____ Excerpted data
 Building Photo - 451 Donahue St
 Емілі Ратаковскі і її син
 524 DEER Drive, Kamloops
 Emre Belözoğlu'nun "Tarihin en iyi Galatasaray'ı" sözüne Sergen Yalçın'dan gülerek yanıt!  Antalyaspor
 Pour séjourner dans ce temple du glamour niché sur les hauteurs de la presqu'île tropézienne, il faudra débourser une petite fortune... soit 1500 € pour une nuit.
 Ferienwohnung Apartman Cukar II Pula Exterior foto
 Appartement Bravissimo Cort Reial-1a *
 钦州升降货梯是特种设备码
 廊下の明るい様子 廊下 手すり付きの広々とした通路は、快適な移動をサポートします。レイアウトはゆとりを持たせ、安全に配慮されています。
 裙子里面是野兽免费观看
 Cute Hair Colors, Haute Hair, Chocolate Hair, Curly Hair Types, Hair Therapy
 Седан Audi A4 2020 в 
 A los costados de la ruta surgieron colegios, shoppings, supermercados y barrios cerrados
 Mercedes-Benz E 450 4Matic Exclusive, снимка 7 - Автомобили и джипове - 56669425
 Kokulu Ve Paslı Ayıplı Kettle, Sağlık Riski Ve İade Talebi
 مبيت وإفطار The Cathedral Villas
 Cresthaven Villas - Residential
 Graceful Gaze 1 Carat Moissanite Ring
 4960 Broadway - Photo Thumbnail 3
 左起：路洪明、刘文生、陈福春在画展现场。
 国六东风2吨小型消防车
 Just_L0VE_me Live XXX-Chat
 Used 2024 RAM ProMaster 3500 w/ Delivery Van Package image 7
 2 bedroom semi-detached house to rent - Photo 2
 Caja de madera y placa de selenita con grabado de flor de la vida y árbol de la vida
________
§ **Aim of the exercise**
Transcribe the records above exactly, beginning at the line that contains "钦州升降货梯是特种设备码" and ending with the line that contains "A los costados", both included, and nothing else.

§ **Response**
 钦州升降货梯是特种设备码
 廊下の明るい様子 廊下 手すり付きの広々とした通路は、快適な移動をサポートします。レイアウトはゆとりを持たせ、安全に配慮されています。
 裙子里面是野兽免费观看
 Cute Hair Colors, Haute Hair, Chocolate Hair, Curly Hair Types, Hair Therapy
 Седан Audi A4 2020 в 
 A los costados de la ruta surgieron colegios, shoppings, supermercados y barrios cerrados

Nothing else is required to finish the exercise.